This blog needs basically no introduction. It is what it says on the tin.
As per, stolen from the Lush website.
This is honestly the fugliest soap I have ever seen. But hey, it was on sale in Lush and it smelled of patchouli, so I’m sold.
Allegedly, what marks it out from all the other, evil soaps is that it’s cold pressed. Do they just smush a ton of stuff together at the factory and hope it sticks? It also doesn’t have palm oil in it, so that’s better for the environment, I guess.
Right, so, on to the scent. Its main component is patchouli, with a hint of sunflower, which I’m bloody sick of. That said, I do genuinely like the smell, and it functions like a pot pourri in that it diffuses a delicate aroma throughout the bathroom.

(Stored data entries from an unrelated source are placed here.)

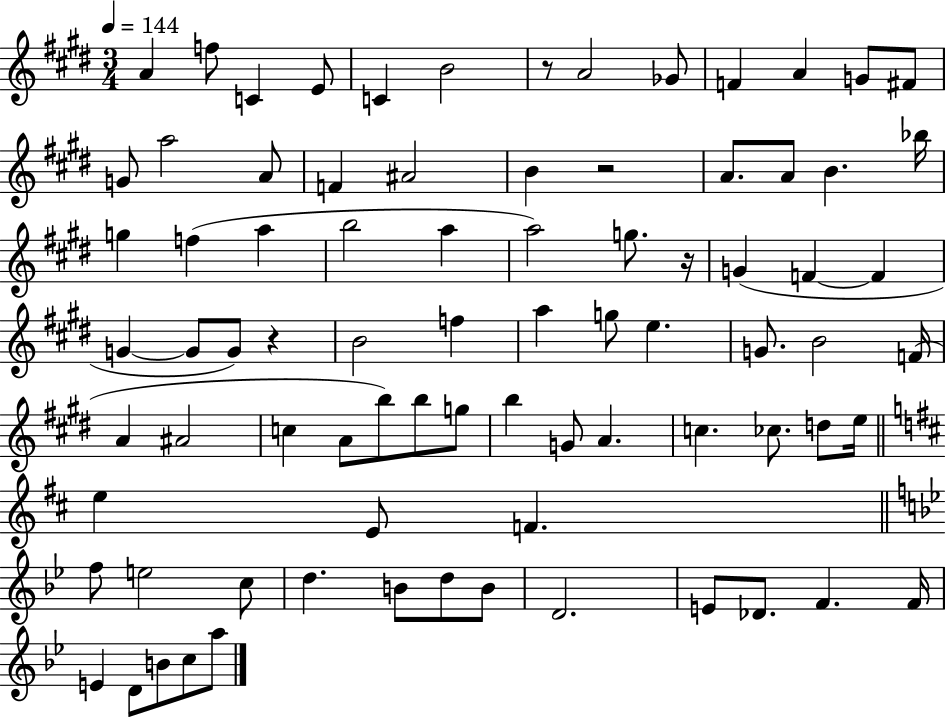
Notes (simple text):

A4/q F5/e C4/q E4/e C4/q B4/h R/e A4/h Gb4/e F4/q A4/q G4/e F#4/e G4/e A5/h A4/e F4/q A#4/h B4/q R/h A4/e. A4/e B4/q. Bb5/s G5/q F5/q A5/q B5/h A5/q A5/h G5/e. R/s G4/q F4/q F4/q G4/q G4/e G4/e R/q B4/h F5/q A5/q G5/e E5/q. G4/e. B4/h F4/s A4/q A#4/h C5/q A4/e B5/e B5/e G5/e B5/q G4/e A4/q. C5/q. CES5/e. D5/e E5/s E5/q E4/e F4/q. F5/e E5/h C5/e D5/q. B4/e D5/e B4/e D4/h. E4/e Db4/e. F4/q. F4/s E4/q D4/e B4/e C5/e A5/e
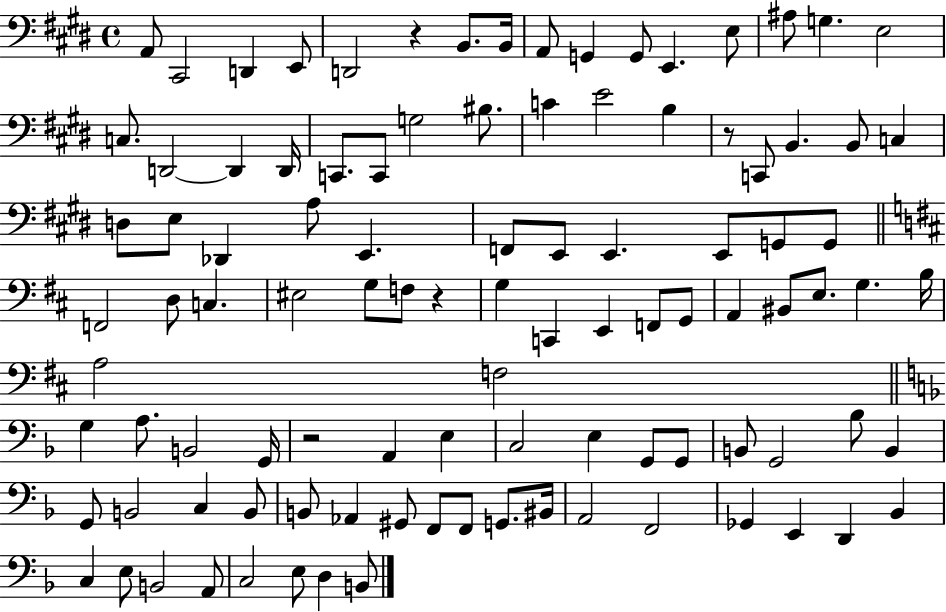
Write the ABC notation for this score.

X:1
T:Untitled
M:4/4
L:1/4
K:E
A,,/2 ^C,,2 D,, E,,/2 D,,2 z B,,/2 B,,/4 A,,/2 G,, G,,/2 E,, E,/2 ^A,/2 G, E,2 C,/2 D,,2 D,, D,,/4 C,,/2 C,,/2 G,2 ^B,/2 C E2 B, z/2 C,,/2 B,, B,,/2 C, D,/2 E,/2 _D,, A,/2 E,, F,,/2 E,,/2 E,, E,,/2 G,,/2 G,,/2 F,,2 D,/2 C, ^E,2 G,/2 F,/2 z G, C,, E,, F,,/2 G,,/2 A,, ^B,,/2 E,/2 G, B,/4 A,2 F,2 G, A,/2 B,,2 G,,/4 z2 A,, E, C,2 E, G,,/2 G,,/2 B,,/2 G,,2 _B,/2 B,, G,,/2 B,,2 C, B,,/2 B,,/2 _A,, ^G,,/2 F,,/2 F,,/2 G,,/2 ^B,,/4 A,,2 F,,2 _G,, E,, D,, _B,, C, E,/2 B,,2 A,,/2 C,2 E,/2 D, B,,/2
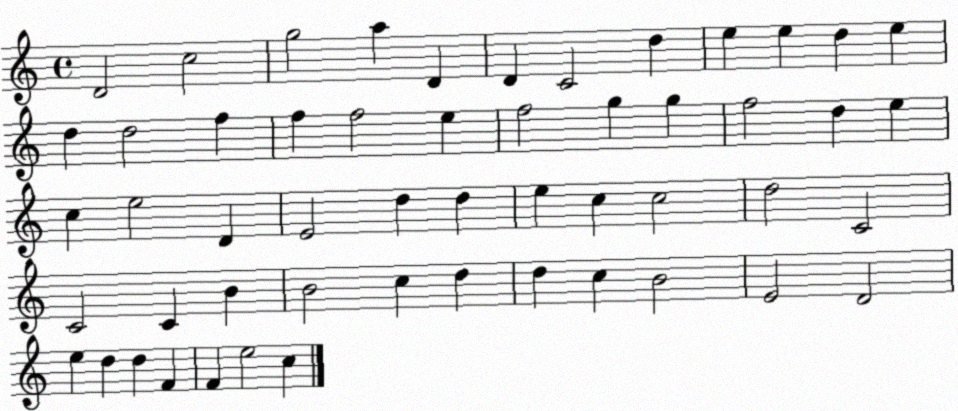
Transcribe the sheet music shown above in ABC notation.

X:1
T:Untitled
M:4/4
L:1/4
K:C
D2 c2 g2 a D D C2 d e e d e d d2 f f f2 e f2 g g f2 d e c e2 D E2 d d e c c2 d2 C2 C2 C B B2 c d d c B2 E2 D2 e d d F F e2 c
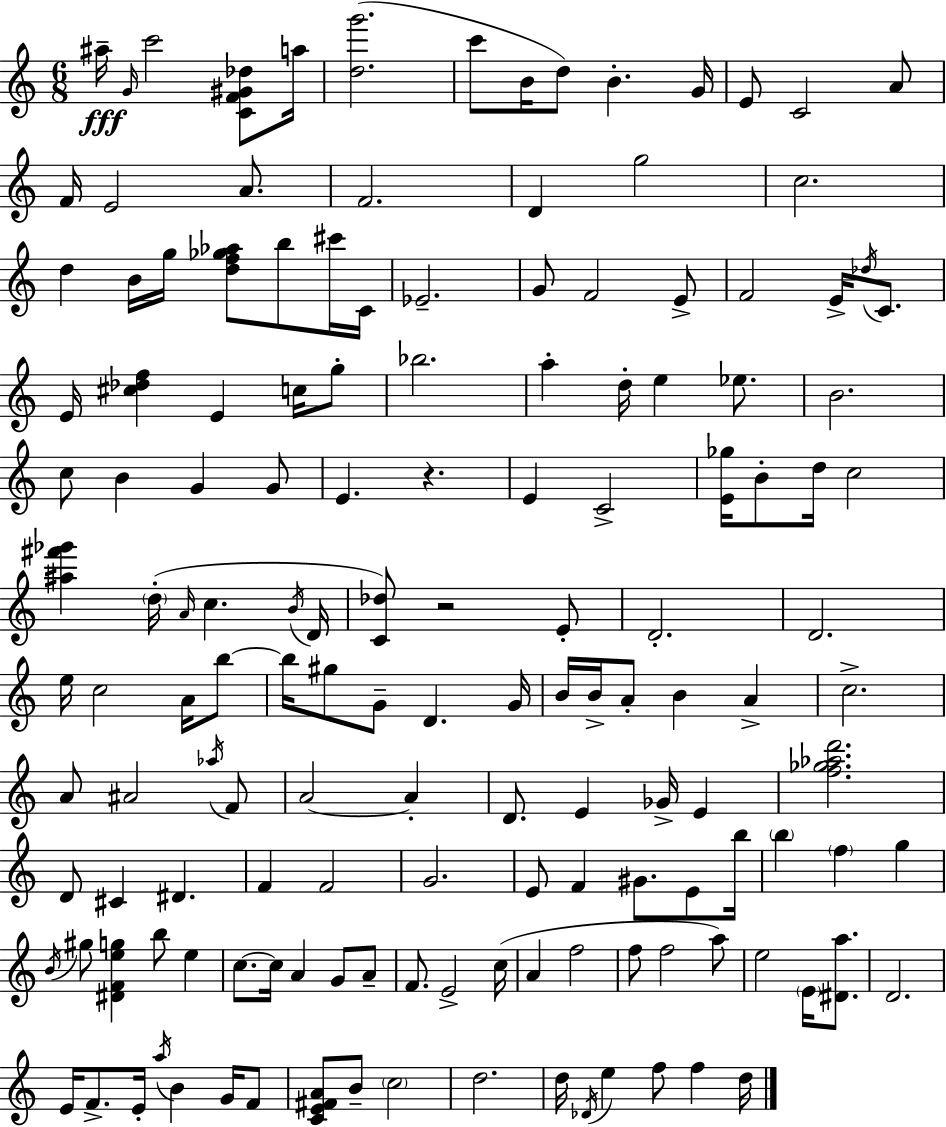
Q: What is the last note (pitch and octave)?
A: D5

It does have the unfortunate side-effect of dripping yellow everywhere, so you look like you’ve just washed Play-doh, however.
I also don’t know what those black bits in the soap are. They look like kalonji seeds, and they give a nice scrubby texture to the bar, but aside from that I can’t tell you much. Nor do I understand what that dinosaur looking thing is supposed to be – it feels softer than the rest of it, but as a moisturising element it’s a bit useless against the drying nature of soap.
Sorry readers, this has been a bit of a crap blog, as it goes. I’m not one of those writers that can waffle on for hours about something they’re ambivalent to (unless being paid to do so, of course). The title has basically done the work for me here. In the spirit of Ron Swanson – it’s soap. Buy it. Or not, it’s a free economy.
Buy again? Yes
Recommend to a friend? Yes. No. Maybe.